▶ _Your instructions_: Once the line containing "校长三严三实学习心得体会_第1页" is reached in the listing below, reproduce it and all later lines through the final one exactly, but omit any pictures.

▶ _Material supplied_:
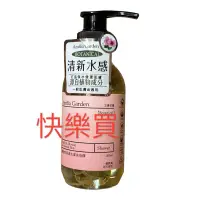 在飛比找蝦皮購物優惠-艾瑪花園 植物性保濕水漾 沐浴膠 300ml 💖快樂買💖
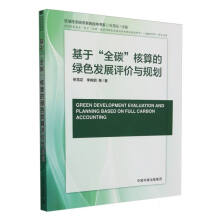 ���ڡ�ȫ̼������ľGɫ�l(f��)չ�u�r�cҎ(gu��)��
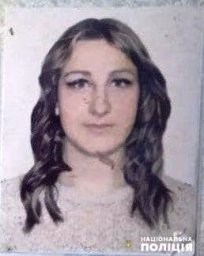 В Днепропетровской области разыскивают пропавшую без вести женщину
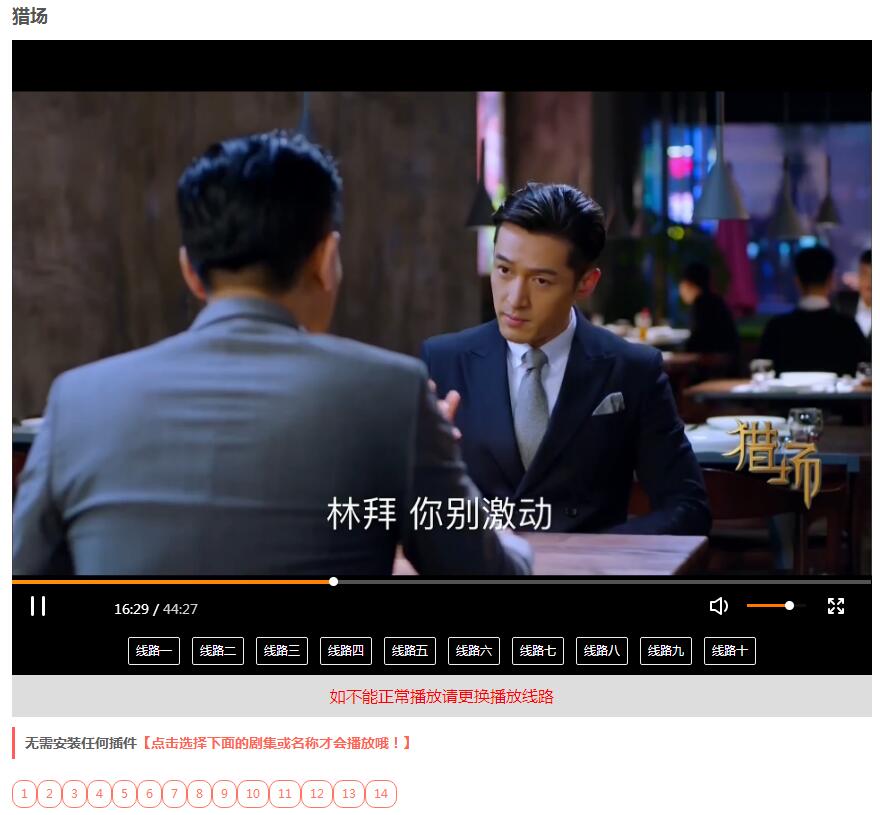 仿08爱客影院v3.4.1无授权源码-七友源码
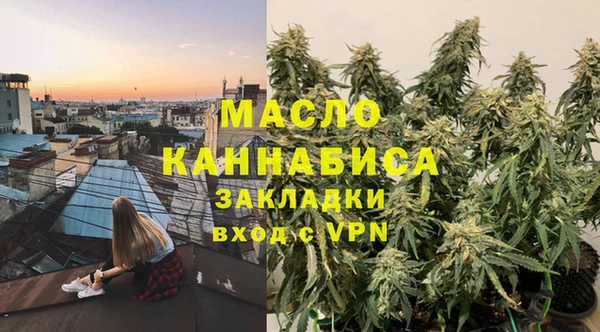 крисы Краснотурьинск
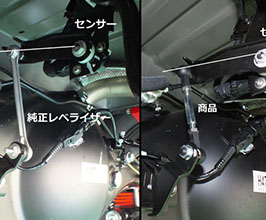 RS-R Headlight Leveler Link Rod for Black-i for Lexus RC 1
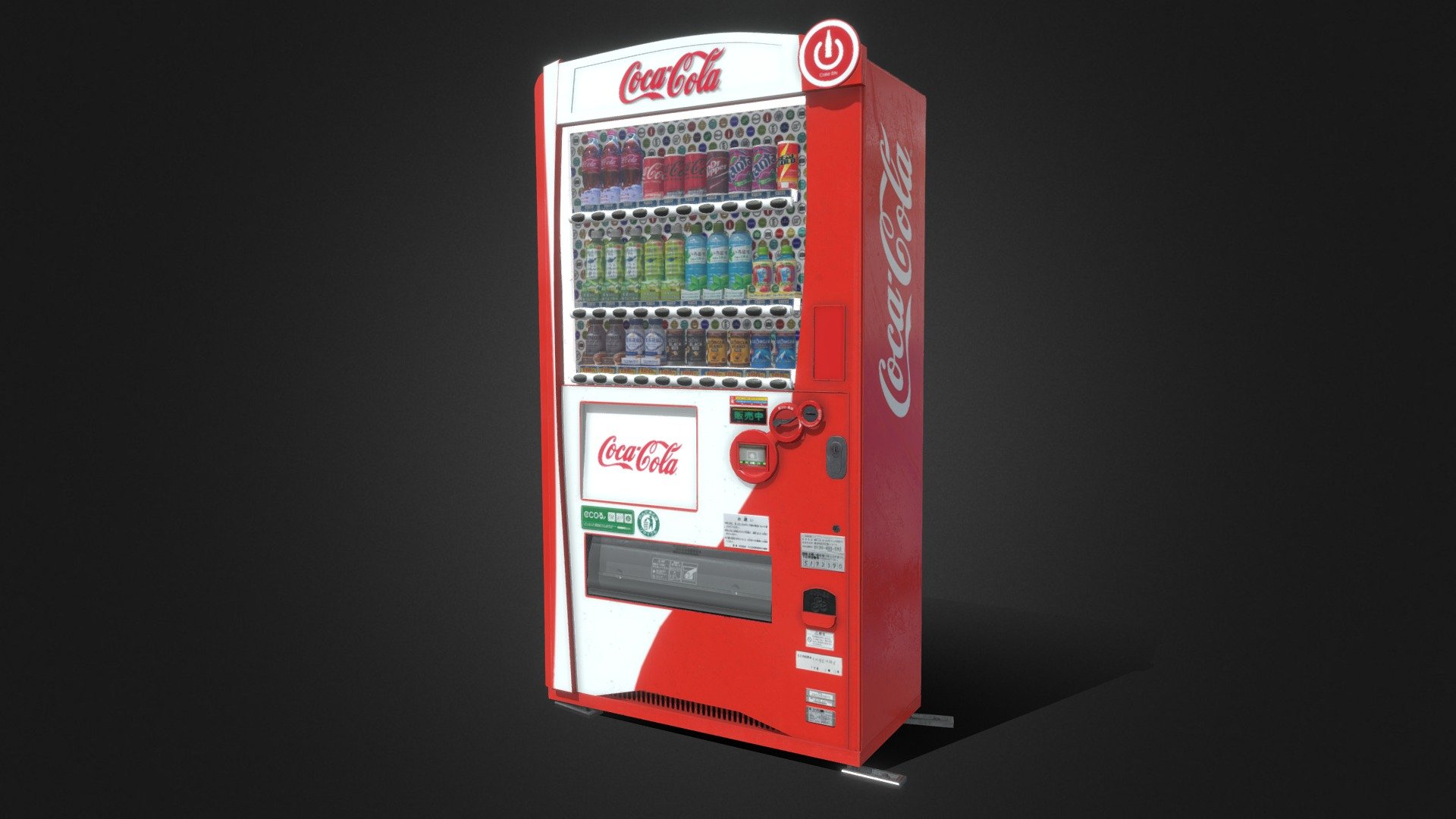 Japanese Coca Cola Vending Machine 3d model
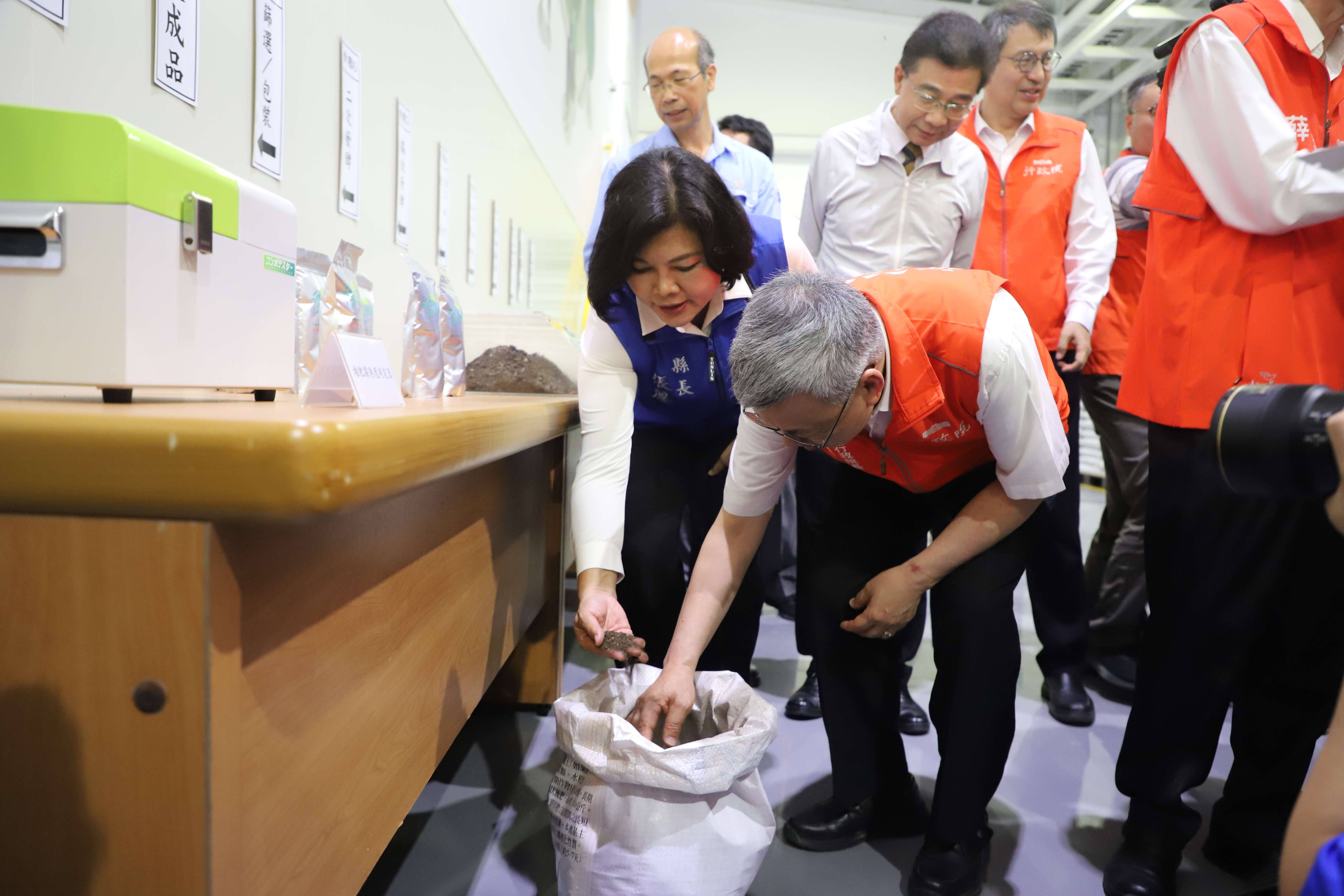 圖片來源：雲林縣政府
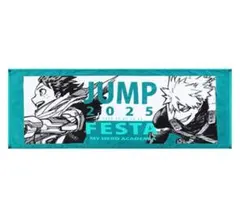 ヒロアカ ジャンプフェスタ2025限定 大判ヒーロータオル 幼馴染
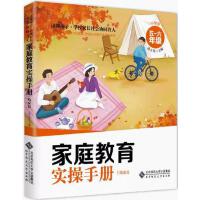 ��ͥ���������փԡ��o���L С�W(xu��)����5-6�꼉��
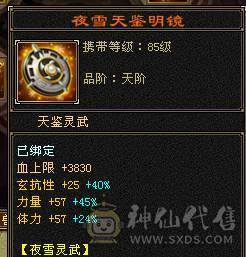 夜锋推荐，五带四逍遥 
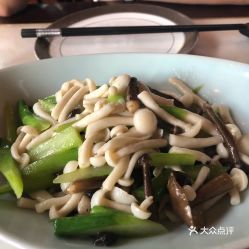 Ms.Na的竹笋双菇好不好吃 用户评价口味怎么样 北京美食竹笋双菇实拍图片 大众点评 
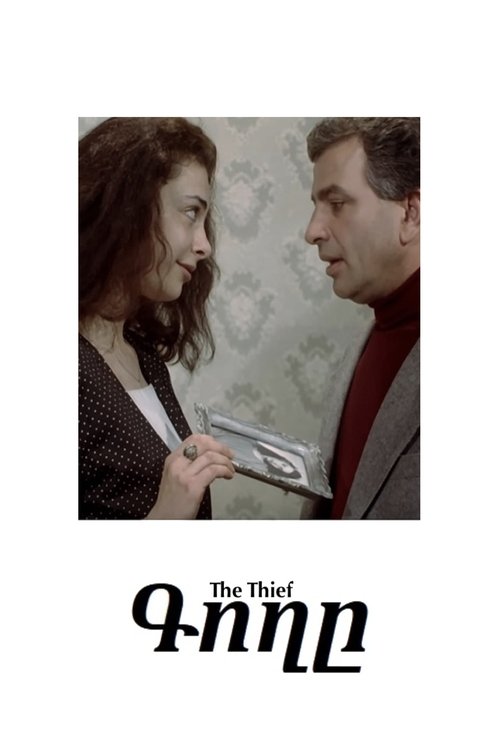 The Thief movie poster
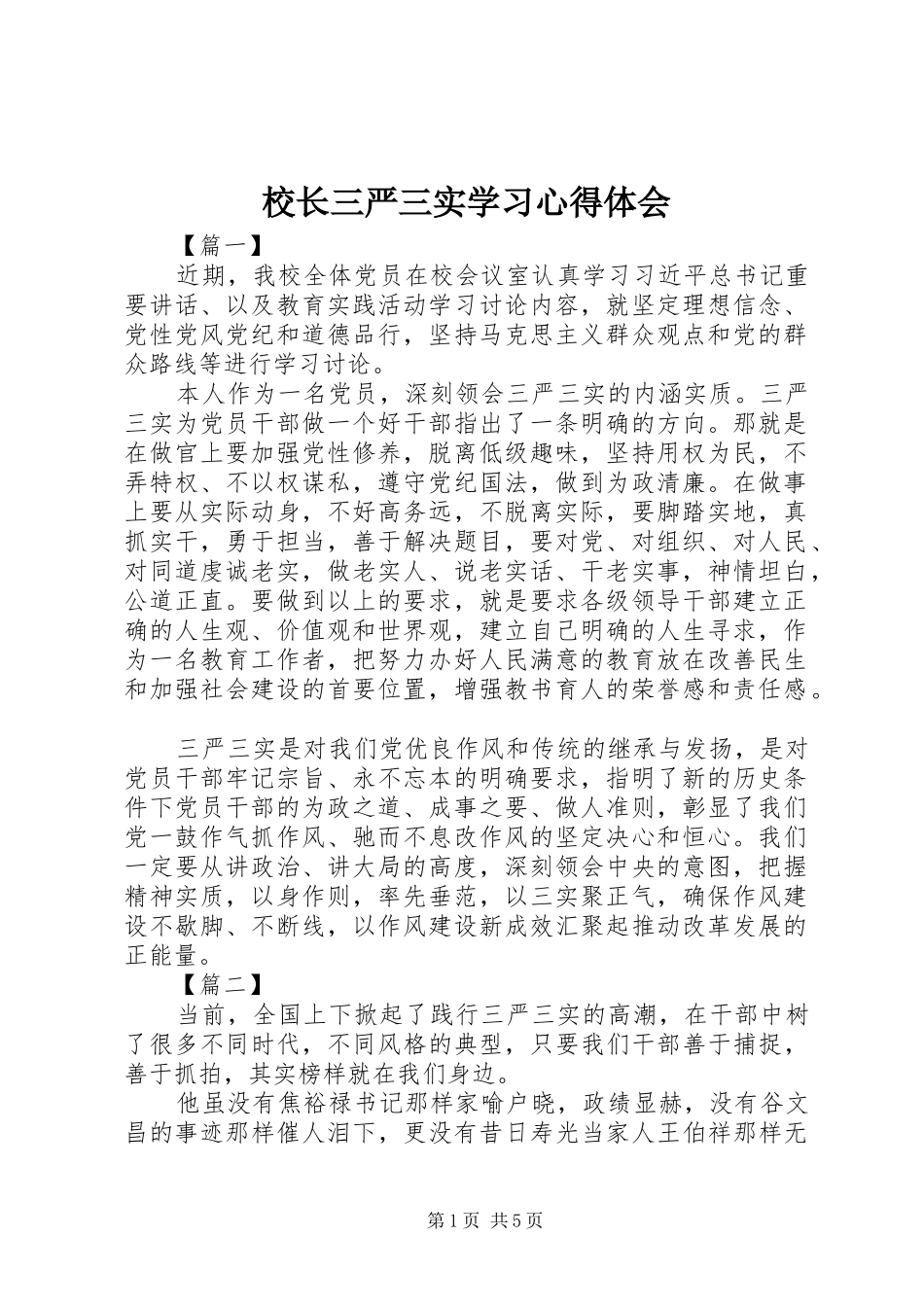 校长三严三实学习心得体会_第1页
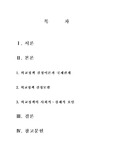 [정치] 국제정치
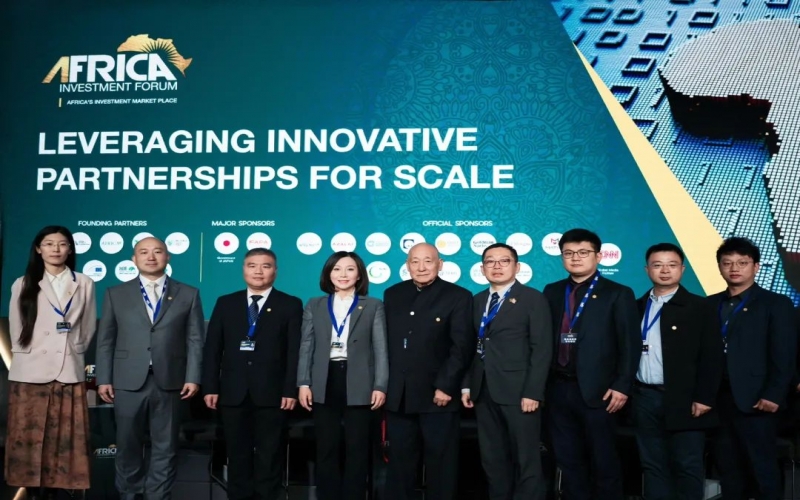 中非民間商會(huì)副會(huì)長、榮程集團(tuán)總裁張君婷出席非洲投資論壇并參加高端對話活動(dòng)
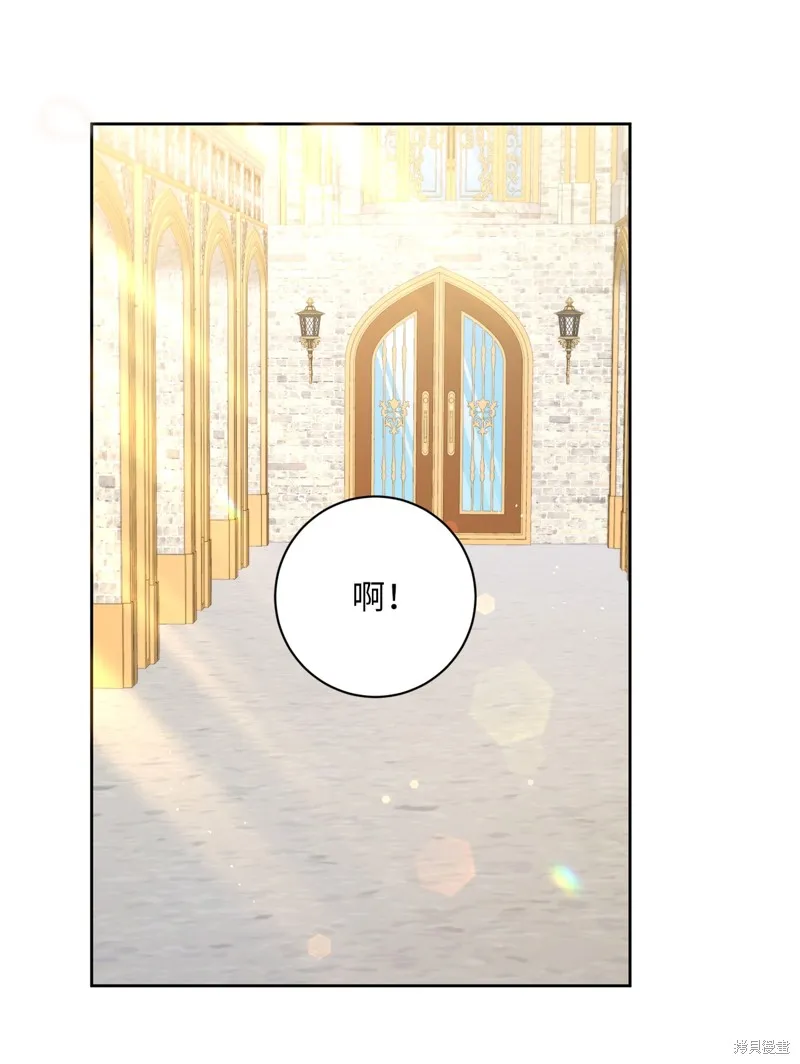 第45话 第53页
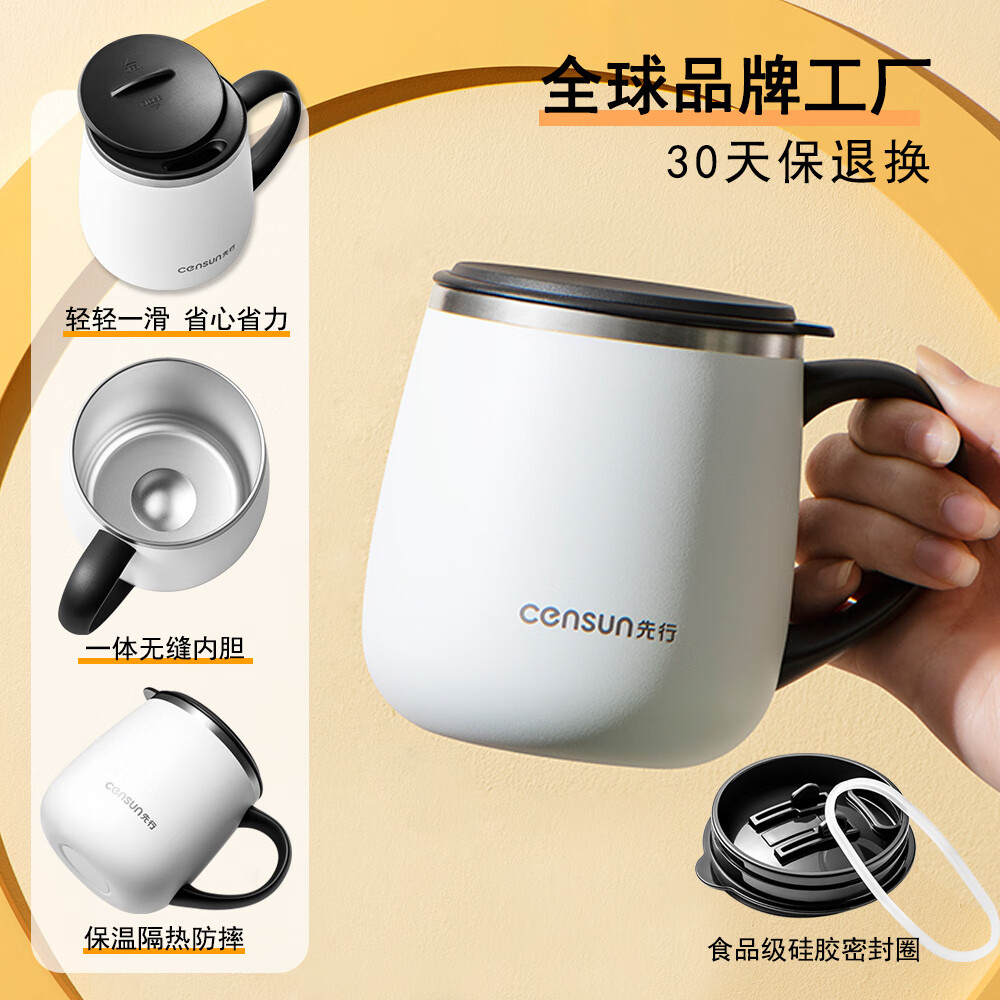 先行咖啡杯保温杯不锈钢马克杯男士泡茶杯礼物水杯伴手礼杯子定制logo 黑色320ml(陶瓷款)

▶ _Written solution_:
 校长三严三实学习心得体会_第1页
 [정치] 국제정치
 中非民間商會(huì)副會(huì)長、榮程集團(tuán)總裁張君婷出席非洲投資論壇并參加高端對話活動(dòng)
 第45话 第53页
 先行咖啡杯保温杯不锈钢马克杯男士泡茶杯礼物水杯伴手礼杯子定制logo 黑色320ml(陶瓷款)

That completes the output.